Il sistema eliocentrico di Copernico (1473-1543)

La struttura cosmologica copernicana è completamente illustrata nella sua opera De Revolutionibus orbium coelestium , pubblicata nel maggio del 1543, pochissimo tempo prima che l'autore morisse.

Il De Revolutionibus si compone di sei libri.

Nel primo libro sono anzitutto sostenuti alcuni postulati, fra i quali quelli della sfericità dell'universo e della Terra e dell'uniformità dei moti circolari degli astri, come condizione essenziale imposta dalla natura, eterna e perfetta, dei corpi celesti.
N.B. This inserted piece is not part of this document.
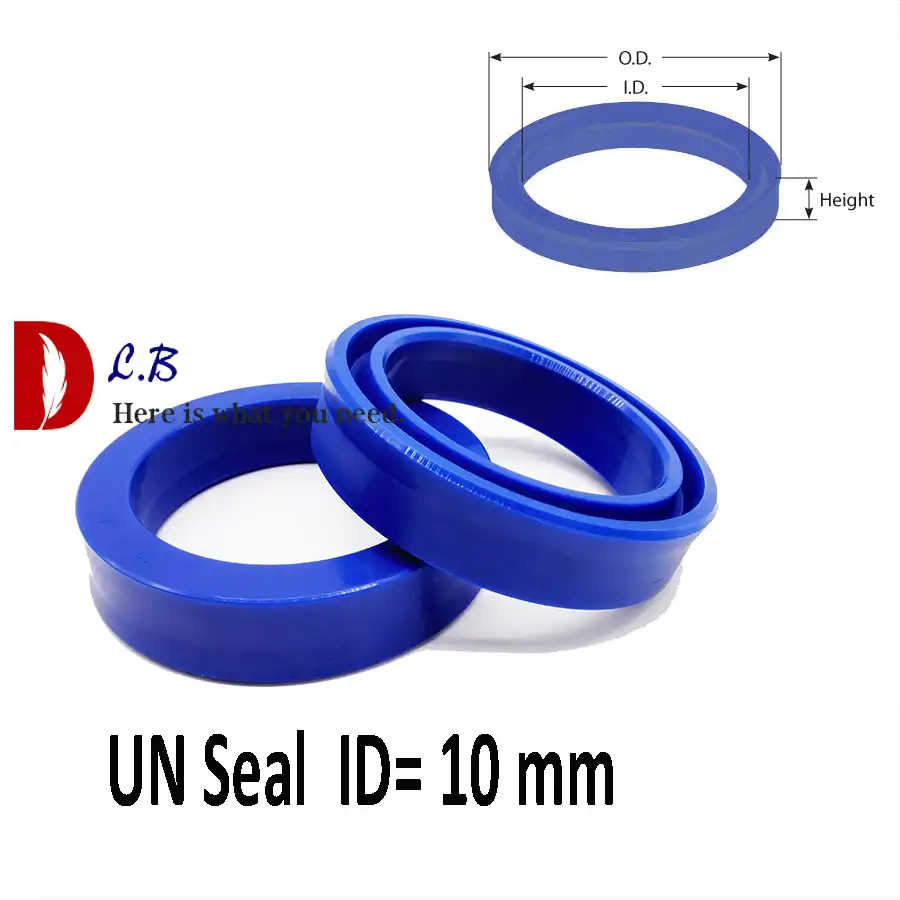 UN ID = 4 / 5 / 6 /7 / 8 / 9 mm U Cup Single Lip Hydraulic cylinder piston and rod seal U Ring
In questo Copernico dimostra la sua natura conservatrice di scuola aristotelica.

Viene, di seguito, affrontata la discussione sulla possibilità che la Terra sia dotata di movimento e in questo si registra, invece, la grande differenza rispetto l'impostazione classica tolemaica.

Copernico si avvaleva del principio del moto relativo che così esponeva nel libro:

' Ogni cambiamento di posizione che si vede è dovuto ad un movimento dell'osservatore o della cosa guardata o ai cambiamenti della posizione di entrambi, purché siano differenti '.

Il primo movimento che Copernico assegnava alla Terra era quello di rotazione intorno all'asse dei poli, per il quale la sfera stellata sembrava animata dal moto diurno da levante a ponente; dunque il moto delle stelle, presente nell'idea antica, era solo il riflesso di un moto terrestre.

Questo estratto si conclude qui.